■ **Exercise brief**
Could you repeat, exactly and with no pictures, only the lines from the start of the records through the line containing "But we have"?

(Collected data entries)
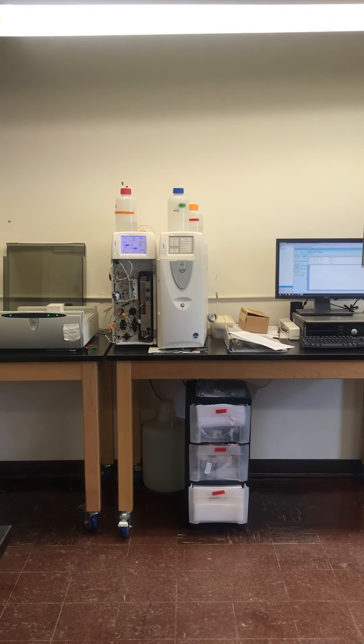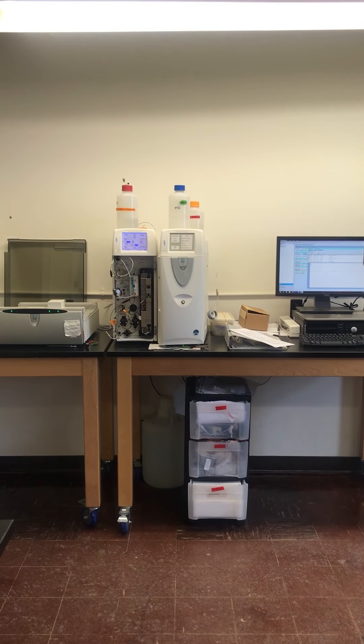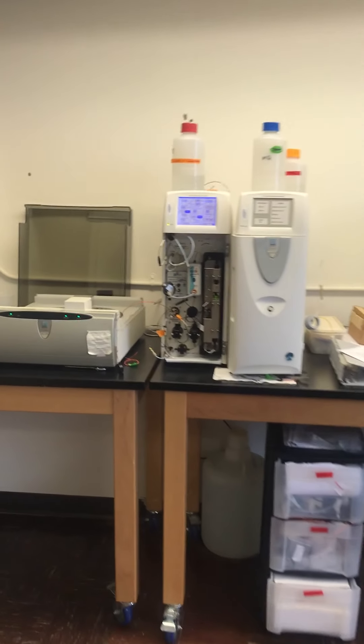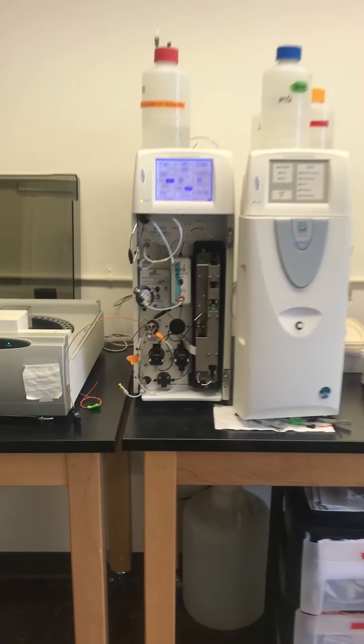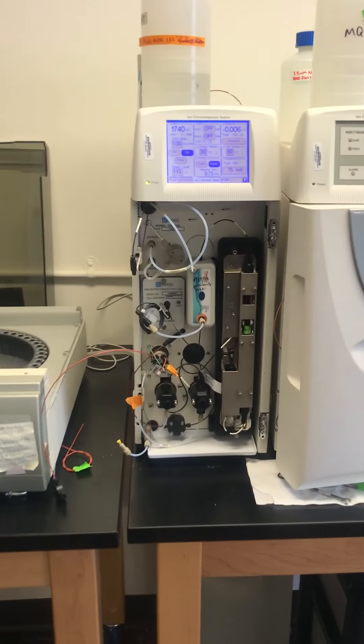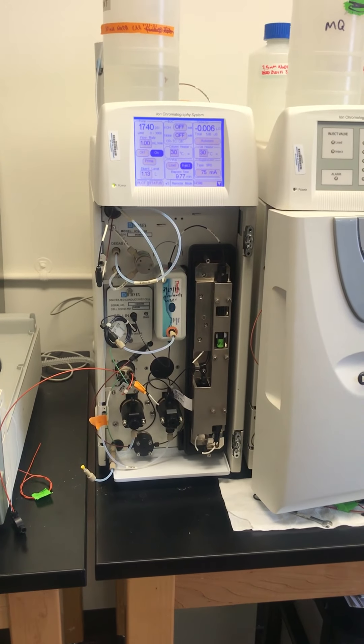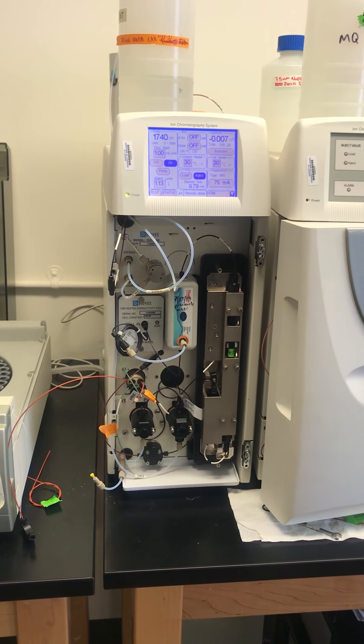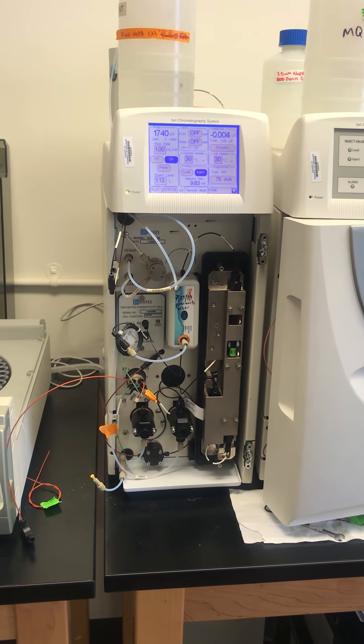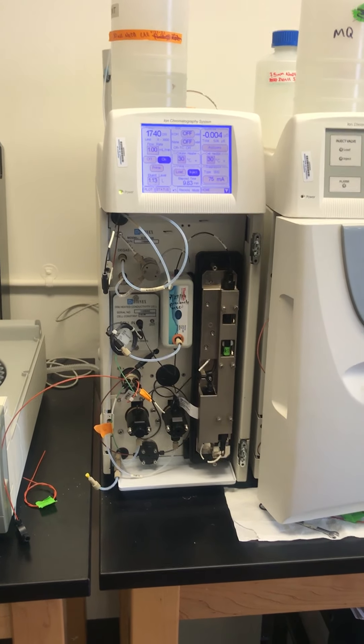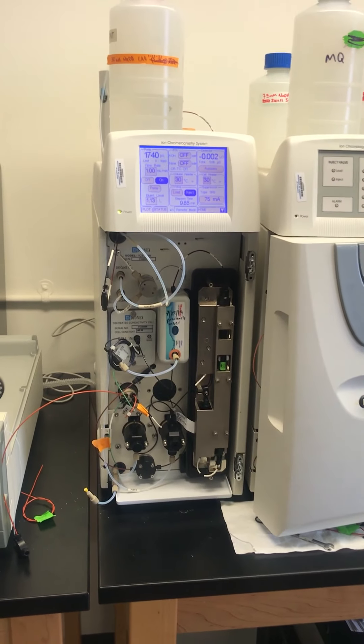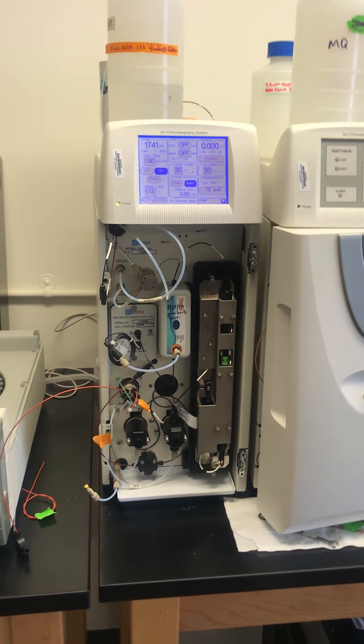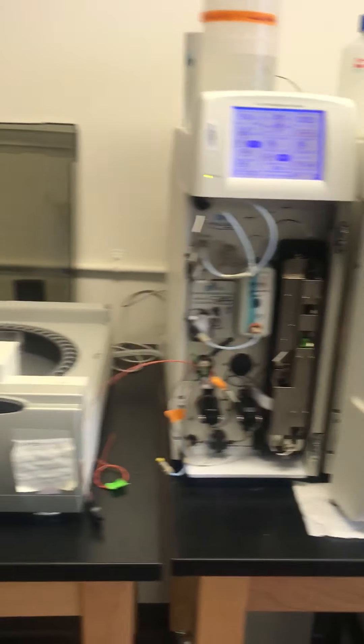Here is the setup at the lab. This machine here in the middle is the ion chromatograph, and this is what we use to analyze each water sample for chloride concentration. There are three important parts to this machine.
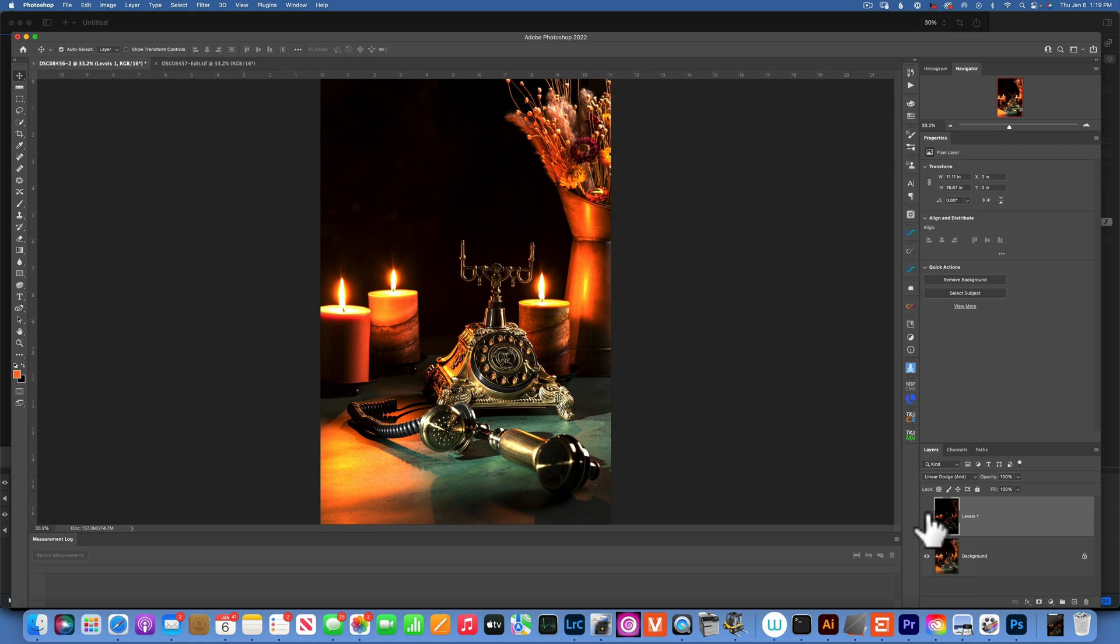And you see, that already gives us a little bit more bloom.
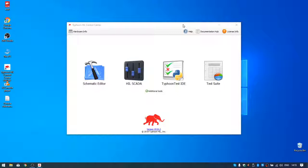My name is Simiša and I'm an application engineer at Typhoon HIL. Today I'm going to present one of our components in the microgrid library. That component is the battery inverter. We also have an example to present, and here by my side I have a HIL 604. Let's jump into the schematic editor.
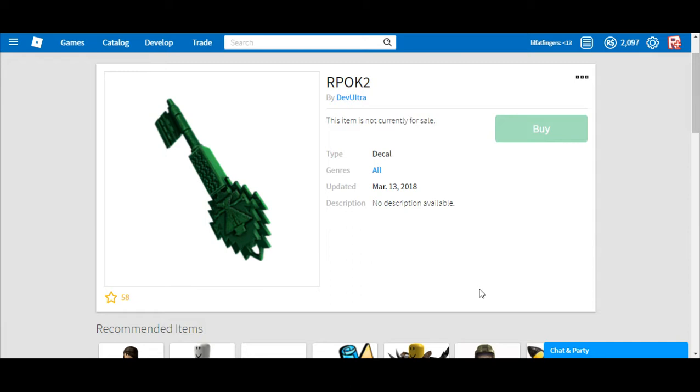But we have to figure out what this means. R is for Ready, P is for Player, O is for One, K is for Key, and then 2 is for 2. Ready Player One Key 2.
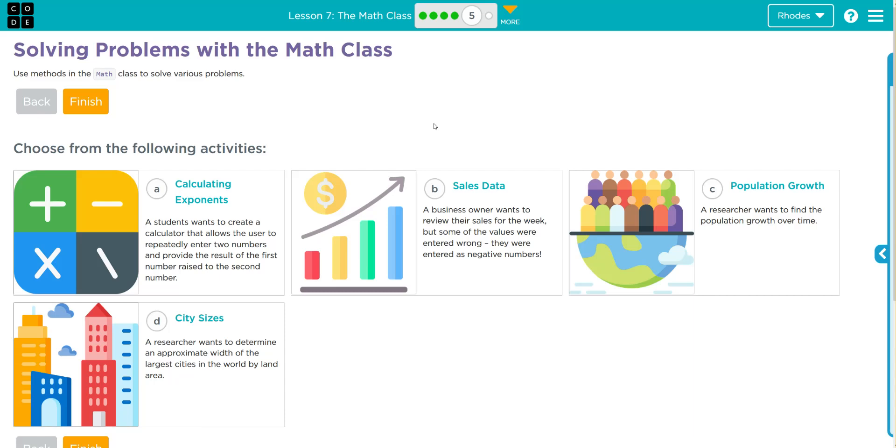Hey kids, welcome to Unit 4, Lesson 7, the Math Class Exercise Number 5. We have another choose your own adventure. All of the answers are very similar—you're using one of the math methods we used in this lesson.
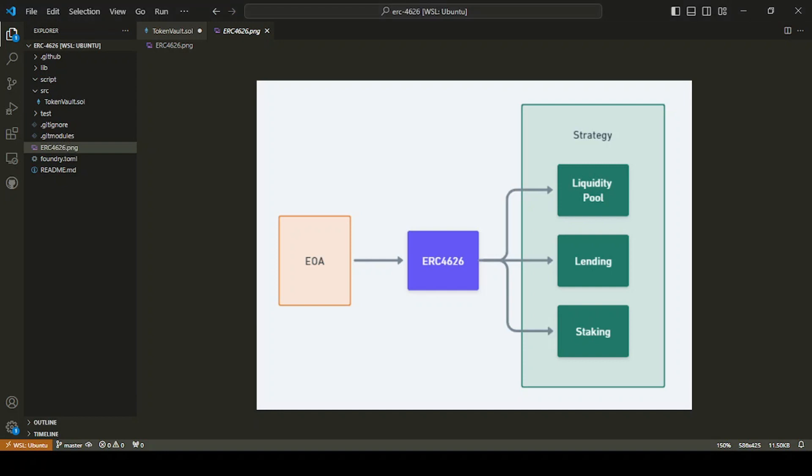Hi folks, we're going to take a look at ERC 4626, which is a tokenized vault implementation.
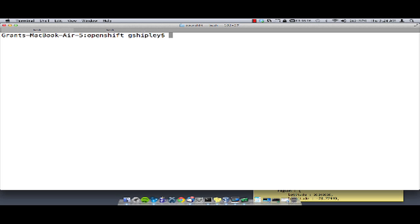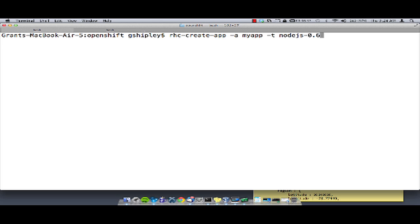The first thing we'll want to do is create our application. In order to do that, you can use the rhcCreateApp command, pass in your application name, and pass in the type of application — in this case, it's Node.js 0.6. We'll authenticate. At this point, it's creating the application in a private Git repository for me on the OpenShift servers.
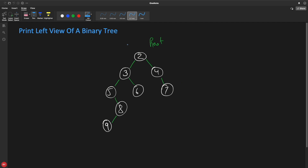Hello friends, this is Rupesh and I'm watching CVNet's video series on binary tree and binary search tree interview questions. This is one of the interesting questions - it's about printing the left view of a binary tree or binary search tree. It doesn't matter, but it is a binary tree.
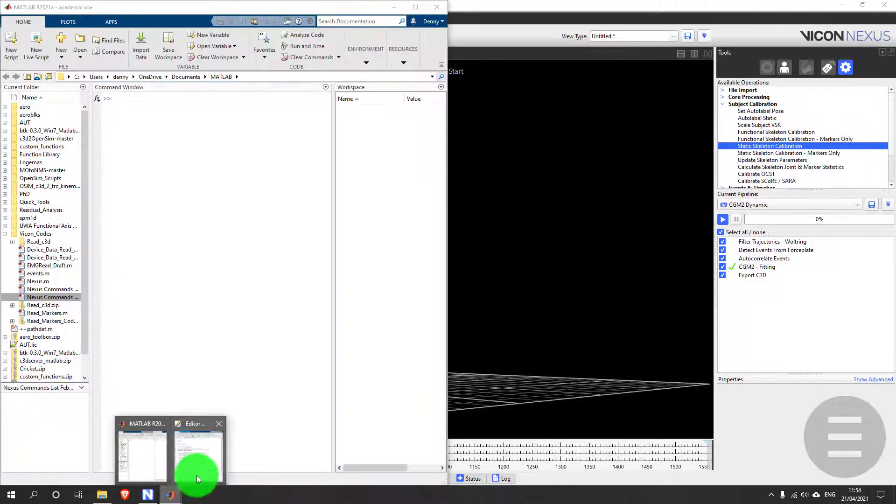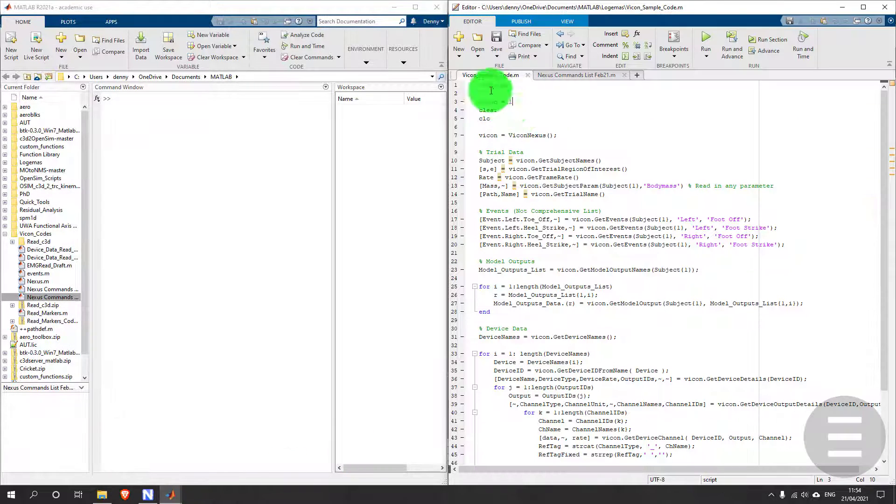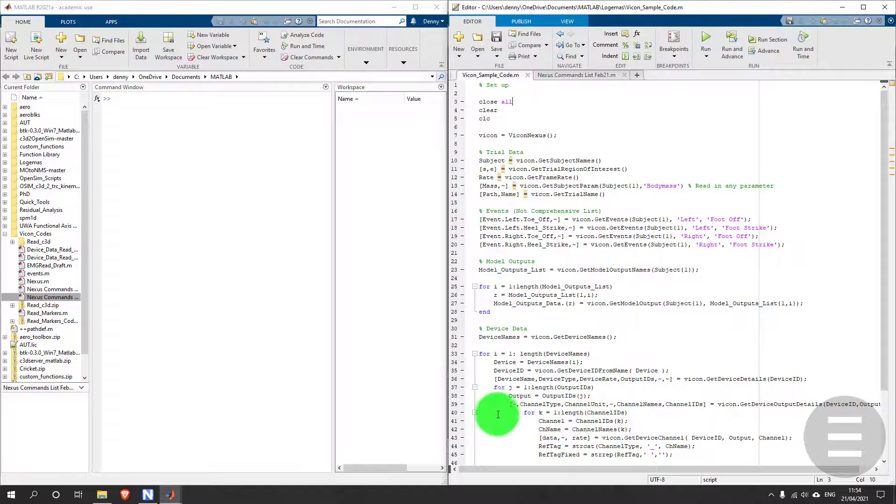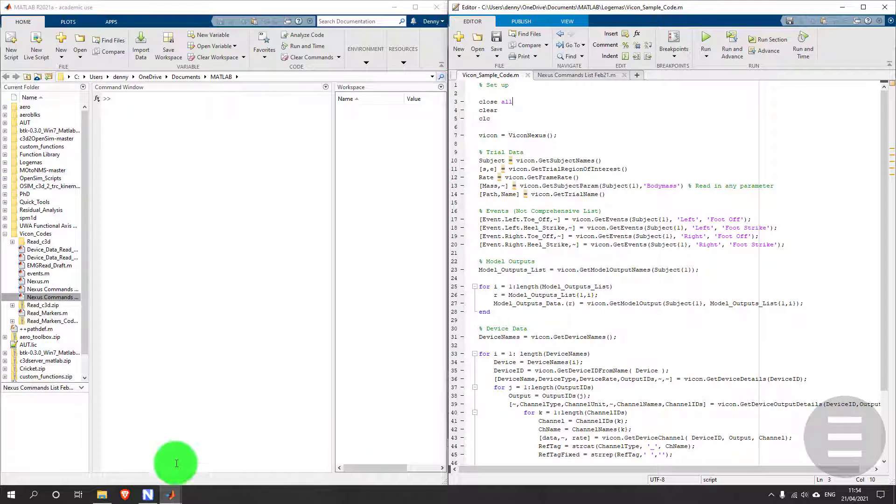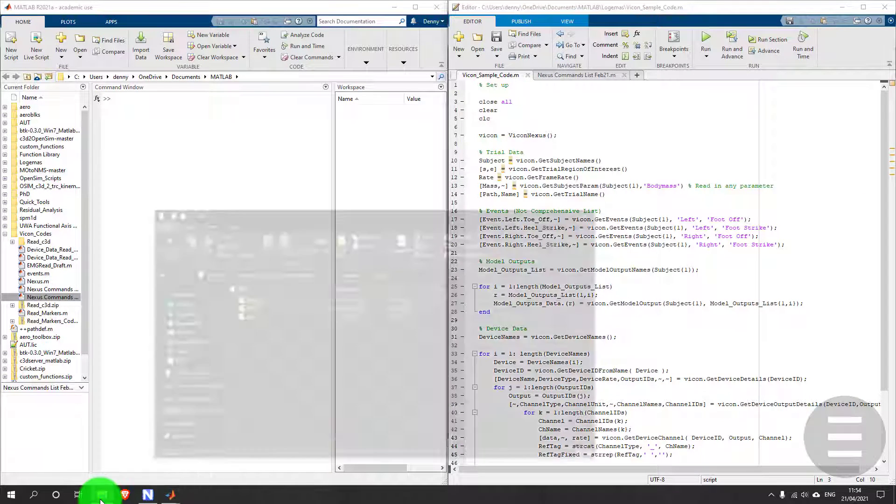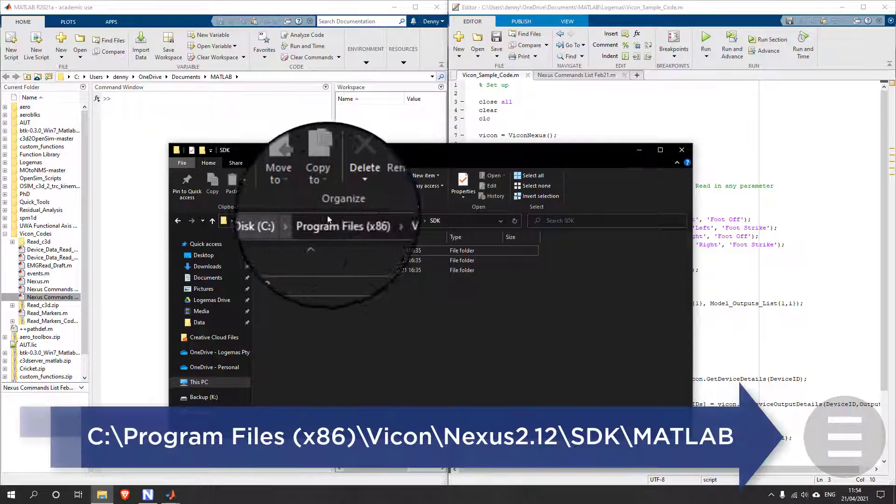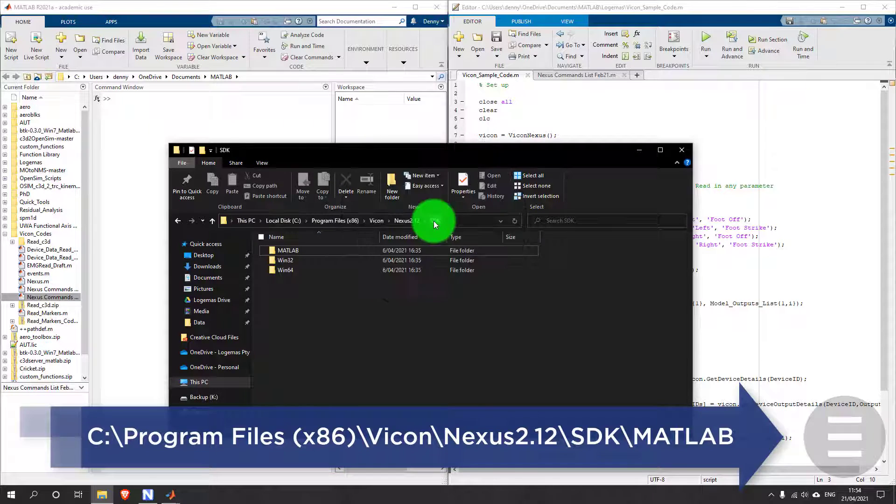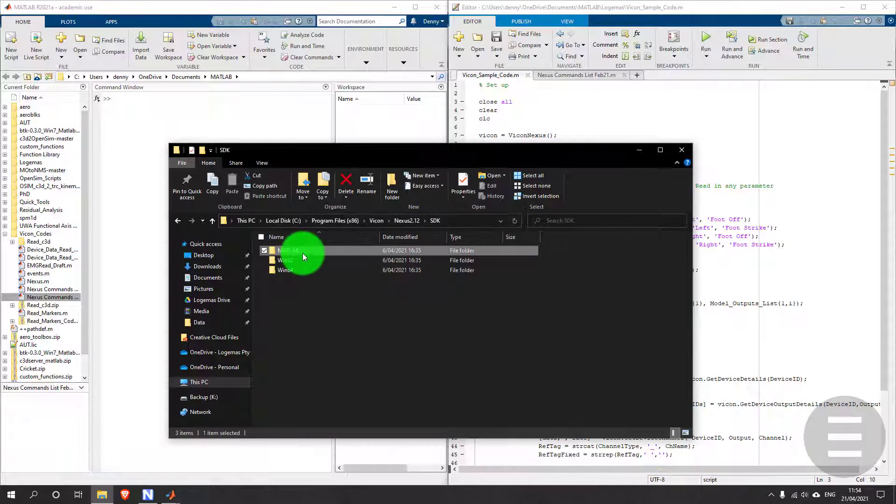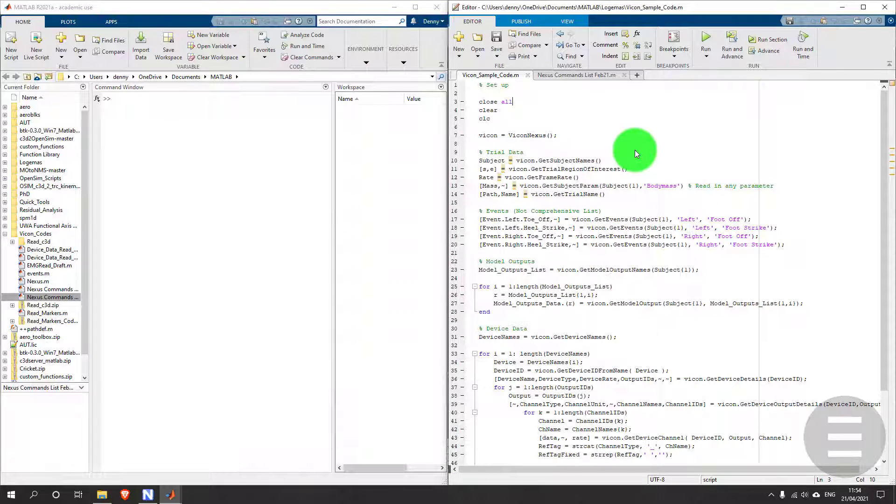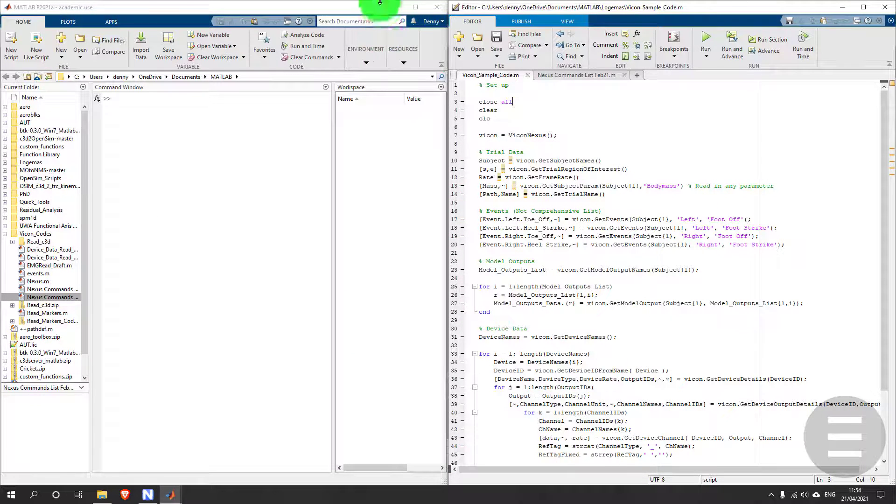In the background I have MATLAB open and a sample script ready to go. Before I can run this, I need to add this file path to the MATLAB environment so that it can find the Vicon scripts. Once added, that's ready to go.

■ **Answer to the exercise**
Here is the setup at the lab. This machine here in the middle is the ion chromatograph, and this is what we use to analyze each water sample for chloride concentration. There are three important parts to this machine.
And you see, that already gives us a little bit more bloom.
My name is Simiša and I'm an application engineer at Typhoon HIL. Today I'm going to present one of our components in the microgrid library. That component is the battery inverter. We also have an example to present, and here by my side I have a HIL 604. Let's jump into the schematic editor.
But we have to figure out what this means. R is for Ready, P is for Player, O is for One, K is for Key, and then 2 is for 2. Ready Player One Key 2.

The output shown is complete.